== Supplied material ==
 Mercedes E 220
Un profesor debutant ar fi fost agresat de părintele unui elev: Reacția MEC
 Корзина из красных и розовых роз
===
== Supplied material ==
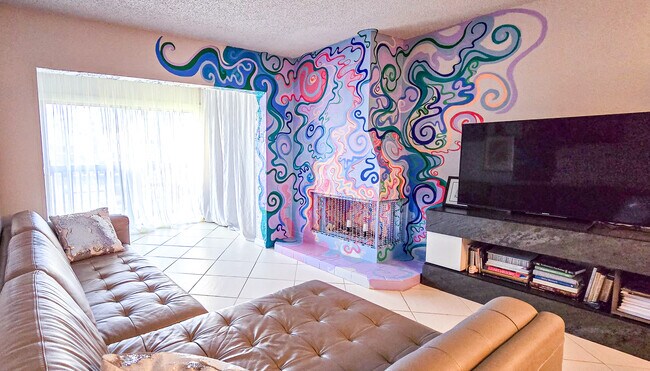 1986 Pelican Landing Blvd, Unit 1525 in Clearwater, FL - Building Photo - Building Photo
===
Instructions to follow: Only the lines above starting at the line that holds "Mercedes E 220" and ending at the line that holds "Корзина из красных и розовых роз" are to be repeated, exactly and in full.

Expected output:
 Mercedes E 220
Un profesor debutant ar fi fost agresat de părintele unui elev: Reacția MEC
 Корзина из красных и розовых роз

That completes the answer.